MEHMET ÇEBİ'NİN EN BÜYÜK HAYALİ
Mehmet Çebi, müze sahibi bir koleksiyoner olarak Türkiye’nin müze meselesi ile de her zaman yakından ilgilendi.
Bir açıklamasında, “Hem fizikî mekân, hem sergilenen eser sayısı, hem de eserlerin kalitesi bakımından dünyada ilk beşe girebilecek bir çatı müzeye ihtiyacımız var.” diyen Çebi’nin en büyük hayali, İstanbul’da, Louvre, Hermitage, Metropolitan gibi büyük bir müzenin kurulmasıydı.

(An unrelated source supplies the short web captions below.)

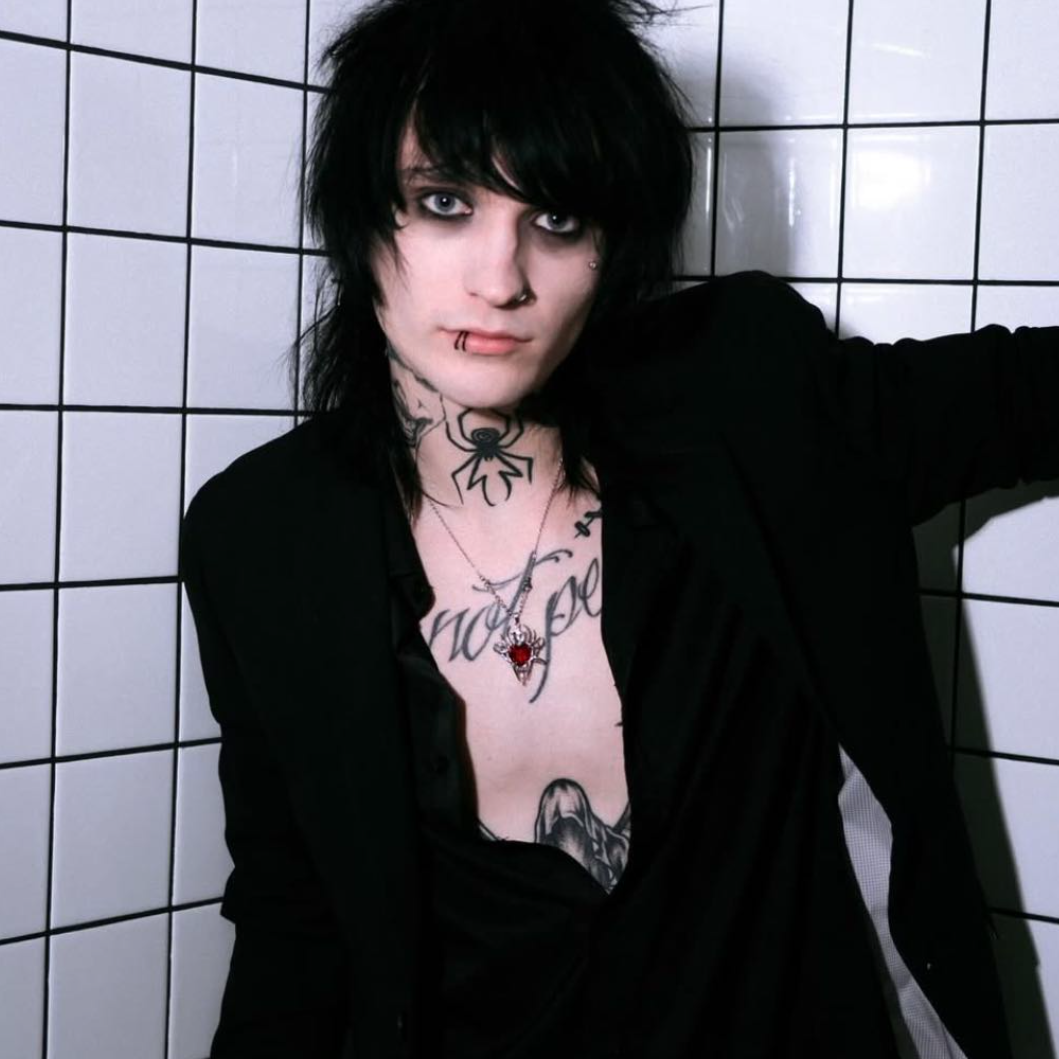 Johnnie Guilbert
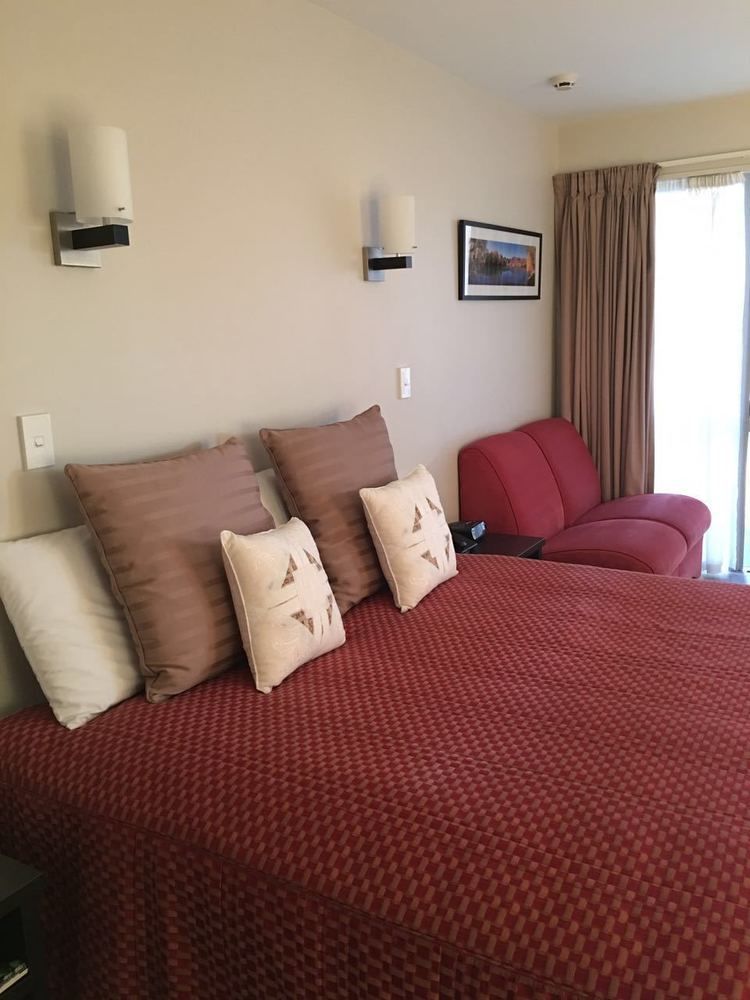Cranford Oak Motel Κράισττσερτς Εξωτερικό φωτογραφία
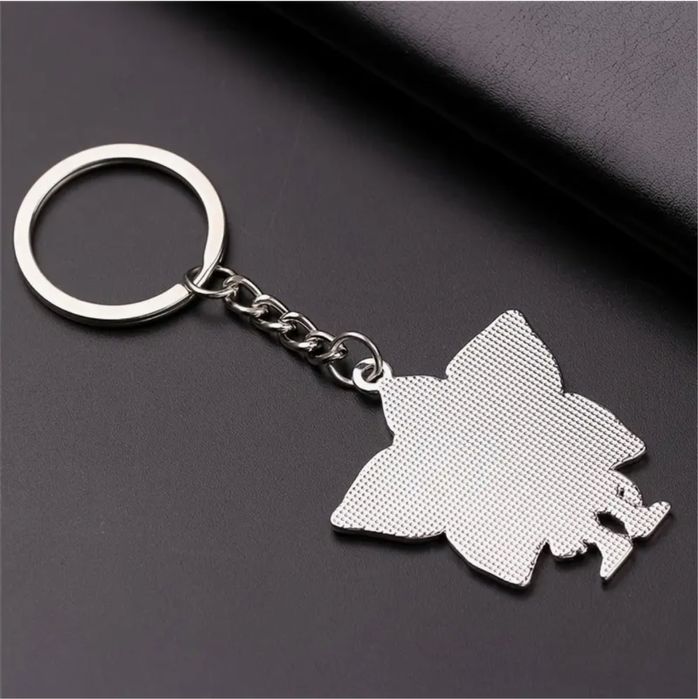 Брелок Stranger Things Демогоргон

Kendisine yöneltilen “Bu müzelere neler konulacak?” sorusuna karşılık, Topkapı Sarayı, Arkeoloji Müzesi, Türk ve İslam Eserleri Müzesi depolarında yüz binlerce eserin bulunduğunu, müze kurulduğunda bunlardan birkaç bininin sergilenebileceğini özellikle vurguluyordu.
Ayrıca ekliyordu:
“Bu muhteşem eserleri neden müze depolarında çürütelim? Neden insanlar bu eserlere ulaşamasın?”